2014/12/25

W124の執念、40年たって、いまだ現行車の開発に使用されることの凄さ



 私が定期購読している雑誌に三栄書房の「MotorFan Illustrated」があります。
 自動車機械お宅向けの雑誌です。技術を詳しく、かつ判りやすく、図と写真でテーマを絞って解説している
 雑誌です。

こちらの最新号、ばね下完全理解のテーマで、
 おそらく日本の操舵系大手有名メーカーのステアリング関係の開発の記事が出ており、
 車体を切断して、台に乗せ、ボディの入力、サスペンションの動き、ステアリングの動きを解析している図がありました。

 ライターの方は、気が付いたかどうかわかりませんが、このブログ読者なら、この車体がなんであるか
 お気づきと思います。グレードまではわかりませんが、ファンだー内部の補強形状、ストラット形状からして
 左ハンドルのW124であることは確実です。

 バンプストッパーを外してありますので、フルストロークまでの操舵系、サスペンションの動きを見ているのでしょう
 開発していた当時から、40年たっても、なお、現行車の開発に参考にされるW124の凄さを感じます。
 ゴム、アッパーマウントの動きについては、このブログでも取り上げましたが、さすがメーカー、
 良いところに気が付いています。ストローク時には中に動きますし、ハンドルをきれば、内輪側はアッパーが
 外に動きます。
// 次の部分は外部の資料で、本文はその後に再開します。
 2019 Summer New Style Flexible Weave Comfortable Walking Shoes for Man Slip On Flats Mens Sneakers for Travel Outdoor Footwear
これと、ボールアンドナットのハンドルギアボックスの精度、油圧制御と合わさって、
 絹ごし豆腐に例えられる、ハンドル操舵感に行くのだと思います。

 某メーカーが、これを参考にしているの位ですから、きっと電動パワステで、この味が再現されるようになる日は
 遠くないのでしょう。

 これも、凄いことですが、こんな車に乗れることができたのも、これまた凄いこと、
 だと思います。私の経験上、間違いなく、最上のステアリング感をもった乗用車だと思います。

 ですので、スクラブラジアスや、入力位置がかわる変なオフセットのホイールや、
 ホイールスペーサーはすすめていません。

 私からすれば、自分からは見えない、運転していれば見えない、停車しているときの見てくれの
 ”ツライチ”のために、お金を払って、
 オフセットいじったり、ホイールスペーサーをつけることの理由が正直わかりません。

 どうしても、アピアランスのために、フェンダーとタイヤを面一にしたい(という価値観があることは知っています)、
 トレッド広げたい、というなら、

 この世界最上の操舵感を犠牲にはしたくないので、フロントのロアアームを延長します。
(厳密には、トレッド変われば、操舵感も変わるんですが、付け根のオフセットが変わるよりははるかに良いです) 
もしくは、フェンダー加工して、ナローフェンダーにするか、他クラスのフェンダーに交換します。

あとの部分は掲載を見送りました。